▸ **TASK BRIEF**
Look below for the line containing "The Young Witch's"; write out that line and each one after it to the end, exactly, and nothing else.

▸ **EXTRACTED MATERIAL**

══════

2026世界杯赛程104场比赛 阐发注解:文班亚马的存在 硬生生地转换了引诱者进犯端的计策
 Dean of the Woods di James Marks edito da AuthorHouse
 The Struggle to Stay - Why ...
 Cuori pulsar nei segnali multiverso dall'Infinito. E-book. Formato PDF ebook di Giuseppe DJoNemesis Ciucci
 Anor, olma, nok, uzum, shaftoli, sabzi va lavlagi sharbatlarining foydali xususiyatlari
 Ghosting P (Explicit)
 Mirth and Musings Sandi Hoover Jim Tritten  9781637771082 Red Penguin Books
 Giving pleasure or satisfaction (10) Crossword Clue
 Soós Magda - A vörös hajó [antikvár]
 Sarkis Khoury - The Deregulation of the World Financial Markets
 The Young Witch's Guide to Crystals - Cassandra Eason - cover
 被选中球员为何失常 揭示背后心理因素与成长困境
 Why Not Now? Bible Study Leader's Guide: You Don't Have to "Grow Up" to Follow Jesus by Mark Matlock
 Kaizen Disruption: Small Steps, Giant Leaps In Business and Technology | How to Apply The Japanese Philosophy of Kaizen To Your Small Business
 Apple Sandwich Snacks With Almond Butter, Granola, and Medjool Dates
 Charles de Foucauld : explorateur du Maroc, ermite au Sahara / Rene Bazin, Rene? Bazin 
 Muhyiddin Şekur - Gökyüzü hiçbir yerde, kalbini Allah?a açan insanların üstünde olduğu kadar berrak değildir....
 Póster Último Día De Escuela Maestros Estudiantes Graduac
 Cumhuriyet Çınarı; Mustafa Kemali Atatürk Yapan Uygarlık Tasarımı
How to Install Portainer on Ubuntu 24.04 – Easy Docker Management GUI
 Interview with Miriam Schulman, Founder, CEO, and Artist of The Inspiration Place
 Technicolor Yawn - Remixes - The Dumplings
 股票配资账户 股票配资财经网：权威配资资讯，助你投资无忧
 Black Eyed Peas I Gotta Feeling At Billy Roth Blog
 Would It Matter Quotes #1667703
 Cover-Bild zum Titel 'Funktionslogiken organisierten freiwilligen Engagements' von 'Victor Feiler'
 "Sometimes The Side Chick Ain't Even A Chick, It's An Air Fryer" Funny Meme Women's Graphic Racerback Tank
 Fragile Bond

══════

▸ **YOUR RESPONSE**
 The Young Witch's Guide to Crystals - Cassandra Eason - cover
 被选中球员为何失常 揭示背后心理因素与成长困境
 Why Not Now? Bible Study Leader's Guide: You Don't Have to "Grow Up" to Follow Jesus by Mark Matlock
 Kaizen Disruption: Small Steps, Giant Leaps In Business and Technology | How to Apply The Japanese Philosophy of Kaizen To Your Small Business
 Apple Sandwich Snacks With Almond Butter, Granola, and Medjool Dates
 Charles de Foucauld : explorateur du Maroc, ermite au Sahara / Rene Bazin, Rene? Bazin 
 Muhyiddin Şekur - Gökyüzü hiçbir yerde, kalbini Allah?a açan insanların üstünde olduğu kadar berrak değildir....
 Póster Último Día De Escuela Maestros Estudiantes Graduac
 Cumhuriyet Çınarı; Mustafa Kemali Atatürk Yapan Uygarlık Tasarımı
How to Install Portainer on Ubuntu 24.04 – Easy Docker Management GUI
 Interview with Miriam Schulman, Founder, CEO, and Artist of The Inspiration Place
 Technicolor Yawn - Remixes - The Dumplings
 股票配资账户 股票配资财经网：权威配资资讯，助你投资无忧
 Black Eyed Peas I Gotta Feeling At Billy Roth Blog
 Would It Matter Quotes #1667703
 Cover-Bild zum Titel 'Funktionslogiken organisierten freiwilligen Engagements' von 'Victor Feiler'
 "Sometimes The Side Chick Ain't Even A Chick, It's An Air Fryer" Funny Meme Women's Graphic Racerback Tank
 Fragile Bond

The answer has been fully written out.